- Opening Delimiter -

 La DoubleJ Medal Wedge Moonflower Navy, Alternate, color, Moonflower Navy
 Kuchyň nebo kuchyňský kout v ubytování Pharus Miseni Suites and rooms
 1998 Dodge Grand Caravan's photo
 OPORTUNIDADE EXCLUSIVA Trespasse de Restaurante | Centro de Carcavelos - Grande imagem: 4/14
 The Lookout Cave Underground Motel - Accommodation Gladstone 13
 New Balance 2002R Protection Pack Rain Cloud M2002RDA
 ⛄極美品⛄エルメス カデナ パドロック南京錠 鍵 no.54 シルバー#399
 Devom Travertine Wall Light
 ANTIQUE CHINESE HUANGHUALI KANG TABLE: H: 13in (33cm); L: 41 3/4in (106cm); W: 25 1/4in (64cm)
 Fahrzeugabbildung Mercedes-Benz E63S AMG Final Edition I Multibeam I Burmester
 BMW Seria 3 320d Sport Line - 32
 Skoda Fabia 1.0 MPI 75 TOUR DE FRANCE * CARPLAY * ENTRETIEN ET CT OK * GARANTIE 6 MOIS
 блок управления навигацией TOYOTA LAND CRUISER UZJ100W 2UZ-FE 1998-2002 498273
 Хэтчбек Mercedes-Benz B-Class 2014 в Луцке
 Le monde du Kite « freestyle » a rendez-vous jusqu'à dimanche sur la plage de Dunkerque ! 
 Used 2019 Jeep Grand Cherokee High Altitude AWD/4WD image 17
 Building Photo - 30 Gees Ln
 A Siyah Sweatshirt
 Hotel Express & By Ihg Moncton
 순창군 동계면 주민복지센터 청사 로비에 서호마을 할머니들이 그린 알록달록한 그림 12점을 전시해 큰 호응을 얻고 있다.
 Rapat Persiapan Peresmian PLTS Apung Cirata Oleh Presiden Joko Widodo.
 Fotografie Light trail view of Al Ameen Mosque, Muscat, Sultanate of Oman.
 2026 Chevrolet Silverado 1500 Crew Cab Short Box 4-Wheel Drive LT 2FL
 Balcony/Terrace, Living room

- Closing Delimiter -

» **Problem to solve**: From the records above, repeat exactly the lines from the one with "Kuchyň nebo kuchyňský" through the one with "The Lookout Cave", both included.

» **Solution for this problem**:
 Kuchyň nebo kuchyňský kout v ubytování Pharus Miseni Suites and rooms
 1998 Dodge Grand Caravan's photo
 OPORTUNIDADE EXCLUSIVA Trespasse de Restaurante | Centro de Carcavelos - Grande imagem: 4/14
 The Lookout Cave Underground Motel - Accommodation Gladstone 13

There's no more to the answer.